Il nuovo genere letterario che dà valore alla storia delle aziende

Se fossi Nanni Moretti, direi che le imprese in Italia hanno avuto un deficit di narrazione. (Si) sono raccontate male, finendo per perdere identità e umanità. Salvo rarissime eccezioni, nessuno si è occupato di andare a vedere chi ci sia dietro le imprese e dentro le fabbriche. In che cosa crede chi fa impresa? Che problemi incontra, come li supera? Da cosa è spinto e cosa lo spinge a notti insonni, investimenti audaci, salti degli ostacoli e oltre la paura?

Da scrittore ho deciso di fare la mia parte per raddrizzare questa stortura e colmare un vuoto nel panorama editoriale. Non è fattibile, mi sono chiesto, raccontare le aziende con lo stesso piglio con cui racconto l’iniziazione professionale e amorosa di un giovane giornalista? Perché deve esistere una barriera fra la vita quotidiana di tutti noi, collegata spesso a un’azienda, e la vita sciolta e affascinante che ci piace leggere nei libri? Non si tratta di inventare nulla, ma di saper osservare la vita d’impresa e selezionarne il bello che c’è raccontandolo come fosse un romanzo.

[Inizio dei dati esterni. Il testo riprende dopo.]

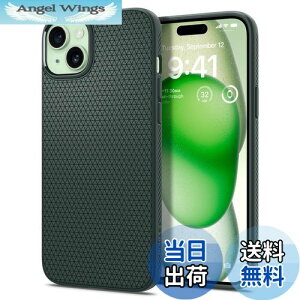 �y���������zSpigen iPhone 15 �P�[�X �ϏՌ� ���^ �X�g���b�v�z�[�� �y�� ���炳�� �ČRMIL�K�i�擾 2�d�\�� �����Y�ی� �w��h�~ �C�菝�h�~ �}�b�g�d�グ ���C�����X�[�d�Ή� ���L�b�h�E�G�A�[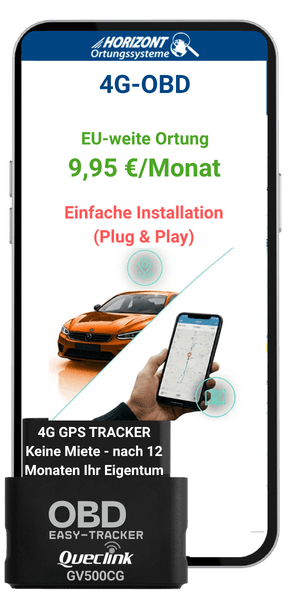 4G-OBD GPS-Tracker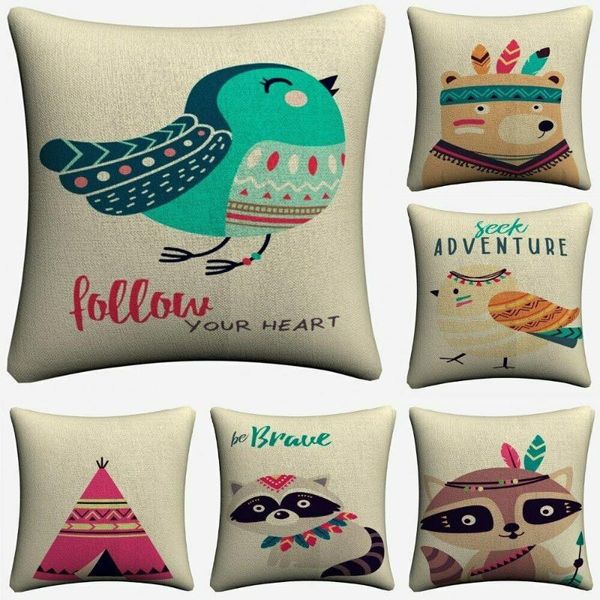 cushion/decorative pillow adventure wild native animals kids decorative sofa home decor linen cushion case
cushion/decorative pillow adventure wild native animals kids decorative sofa home decor linen cushion case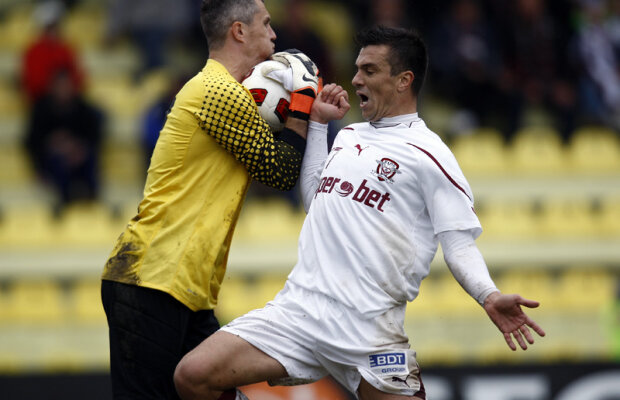 Pancu e convins că va reveni pe gazon: "De 12 ani joc cu fisură de menisc!"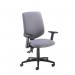 Tegan fabric PCB operator chair with 3D arms - made to order TGF12-000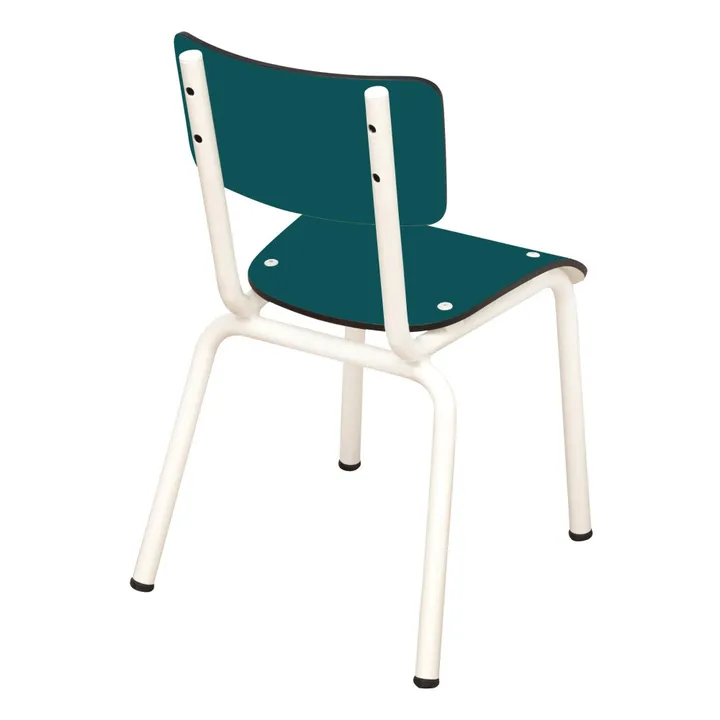 Les Gambettes Chaise enfant little Suzie | Bleu canard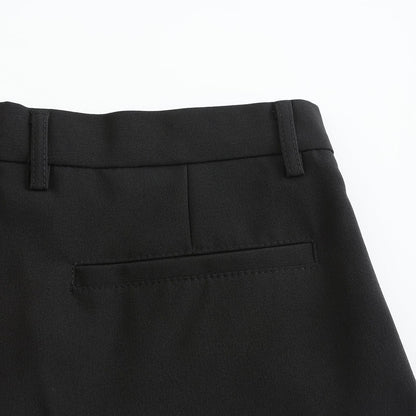 Beckett | Slim Fit Black Stretch Pants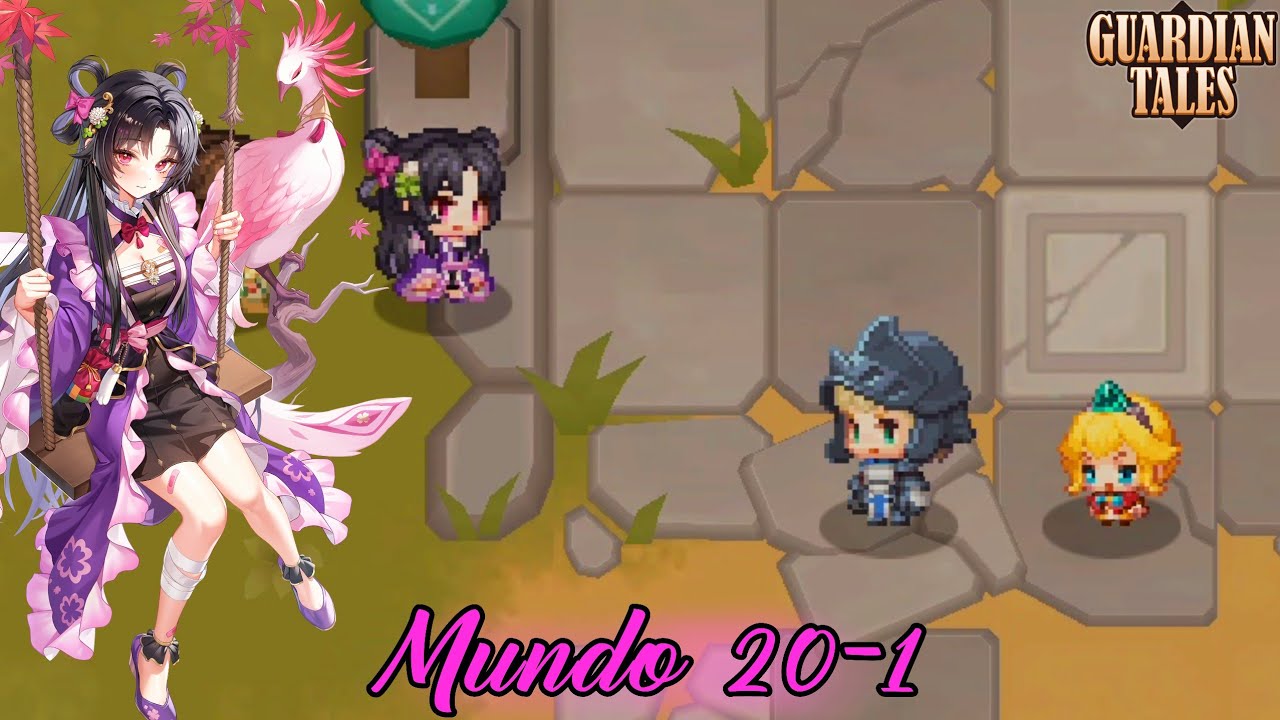 Mundo 20-1 | Aldea Motori | Guardian tales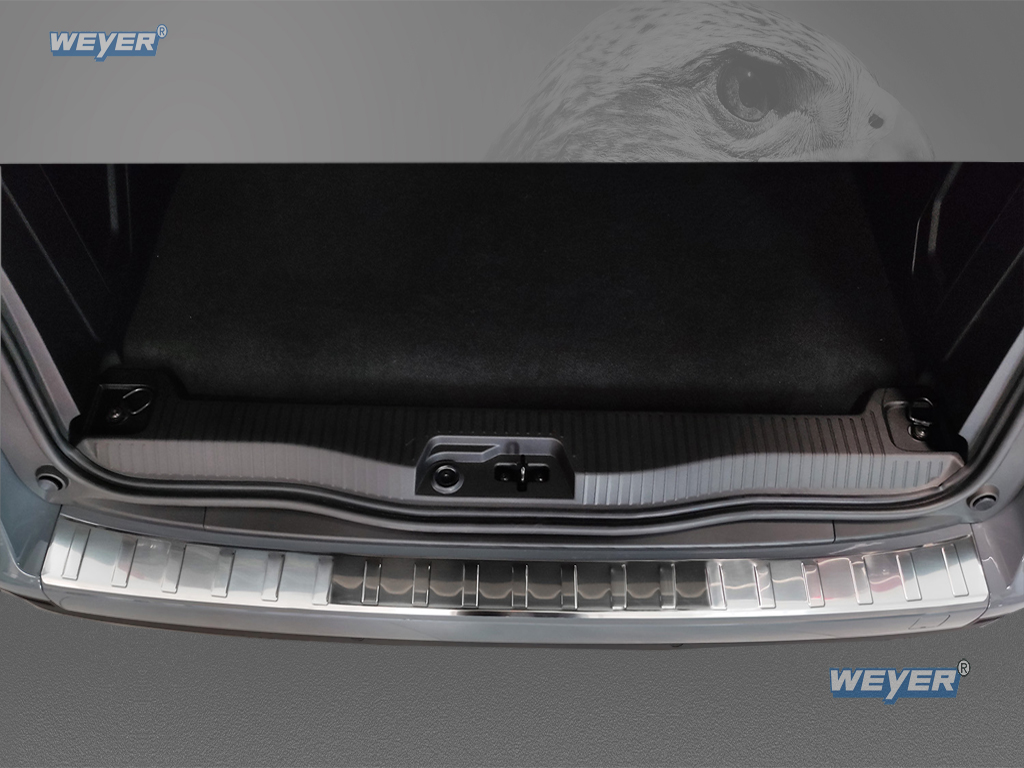 Weyer Ladekantenschutz, Edelstahl, Mercedes-Benz Citan 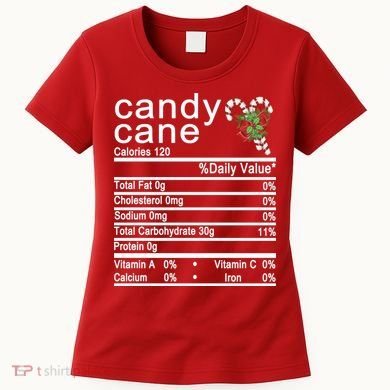 Candy Cane Women's T-Shirt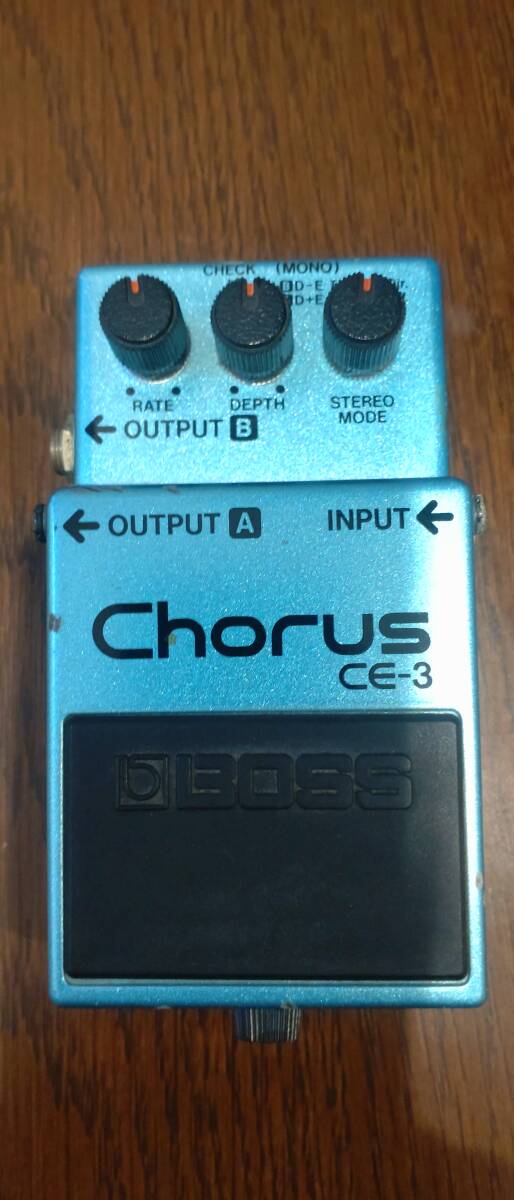 BOSS★エフェクター★Chorus★コーラス★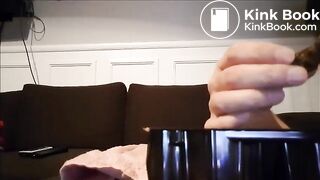 pee and shit eat straight from a box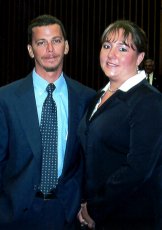 Adoptive Family Photo: Swearing in Ceremony for<br>Paige�s Job, click to view bigger version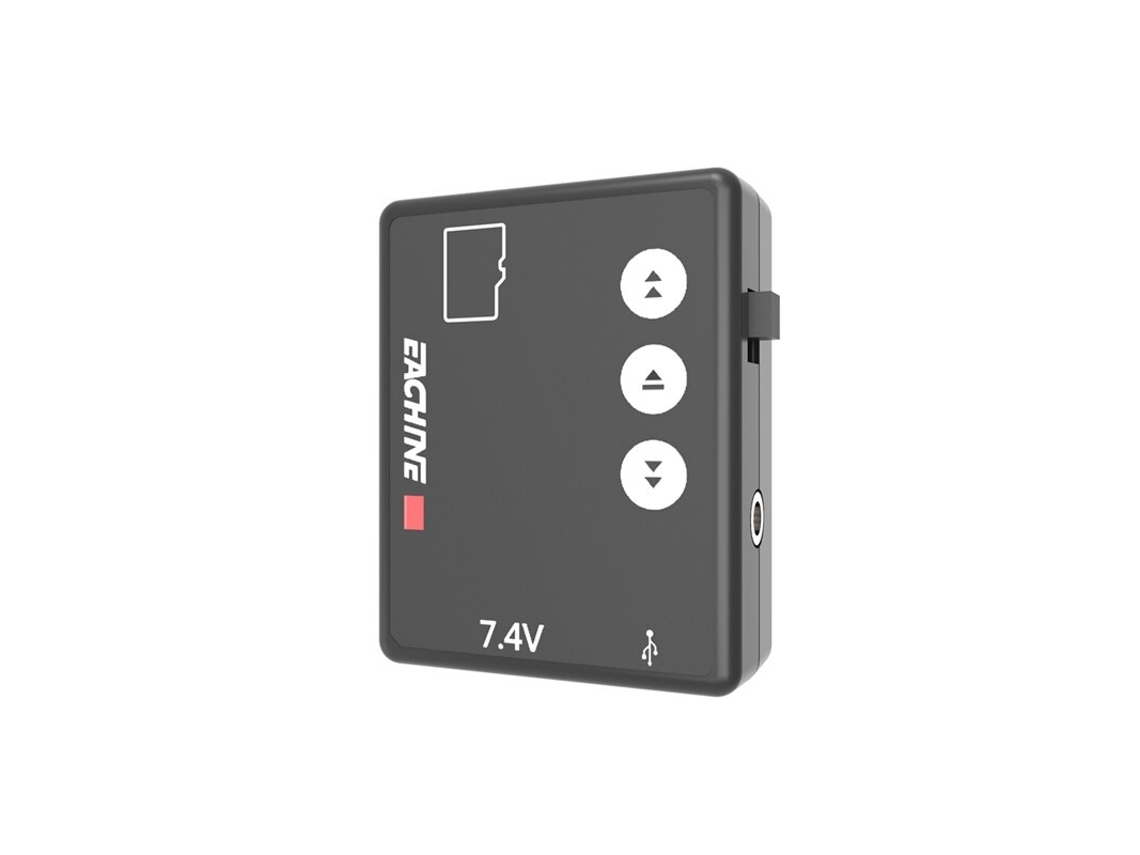 Eachine Ev100 Micro Av Recorder 1280*480 Mini Dvr Module Support 32g Tf For Fpv Goggles Monitor Camera Receiver Drone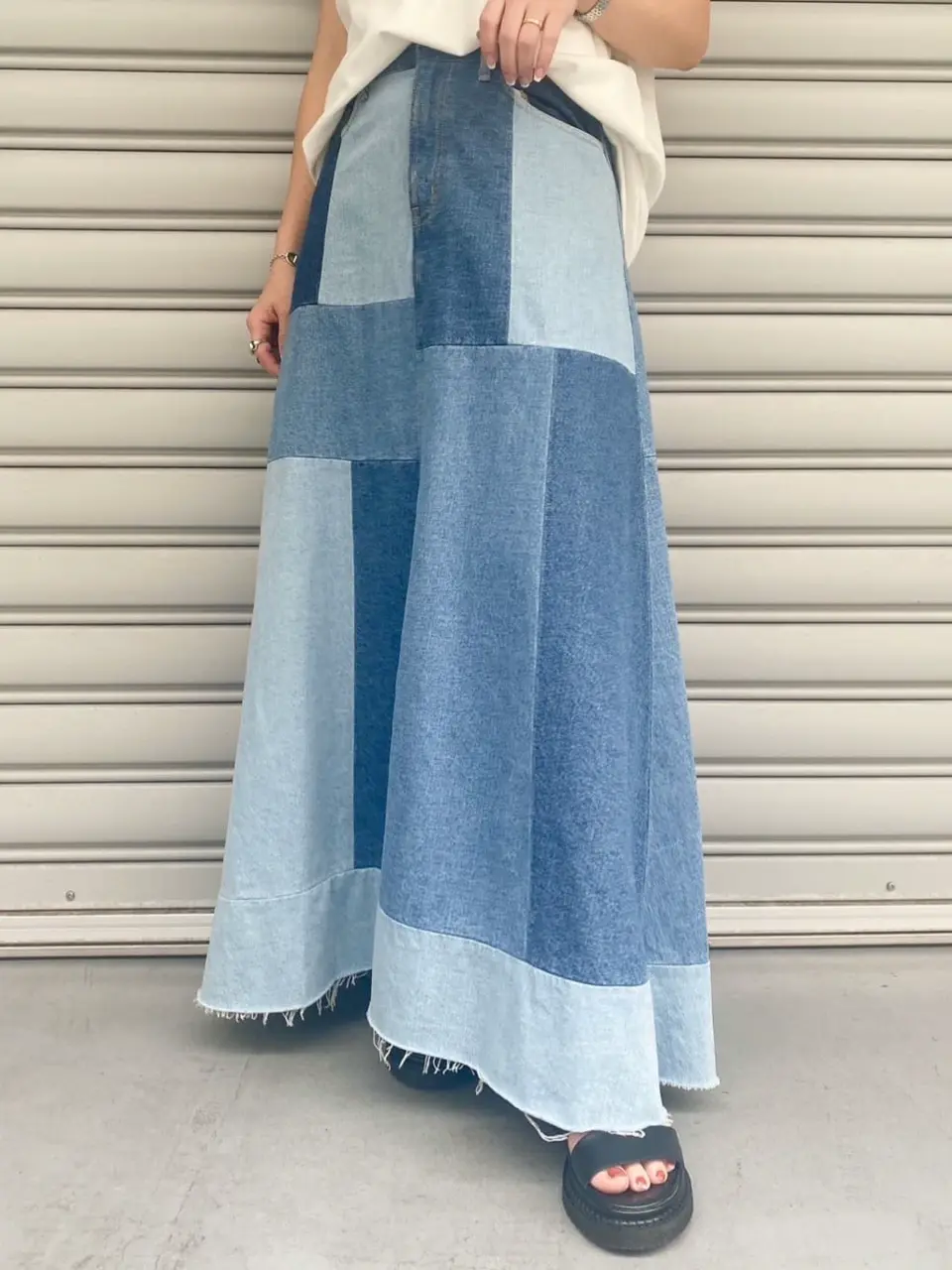 GRACE CONTINENTAL 古川温子 コーディネート画像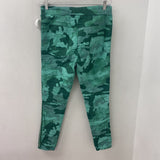 Venti6 WOMEN'S PANTS turquoise camo L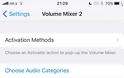 Volume Mixer 2 (iOS 9): Cydia tweak new...Ρυθμίστε κάθε συσκευή ξεχωριστά - Φωτογραφία 2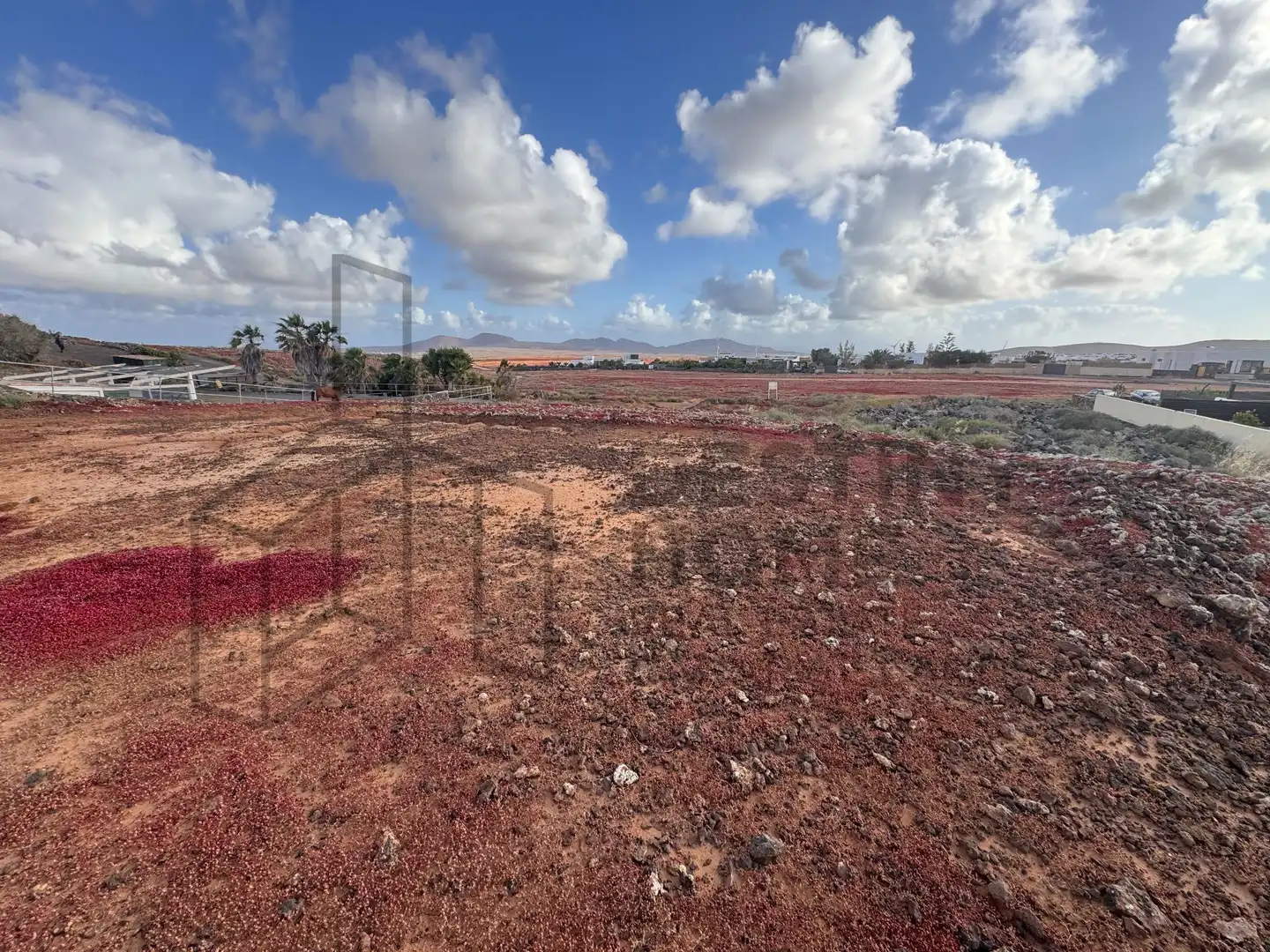 Terreno en venta en La Oliva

Rendere onore agli imprenditori coraggiosi è uno dei tanti obiettivi che il romanzo d’impresa centra. Nella mia articolata esperienza ho visto questi libri prestarsi a celebrare anniversari aziendali e personali, accompagnare cambi generazionali, far acquisire nuovi clienti, fidelizzare il “pubblico interno”, occasionare eventi e convegni, costruire operazioni di marketing, accrescere il valore percepito di prodotti, servizi, procedure, brevetti.

Mi sono concentrato su aziende il cui successo economico sia coniugato a una attenzione valoriale che si manifesta verso i collaboratori, la comunità, la filiera produttiva, l’ambiente, la sostenibilità futura.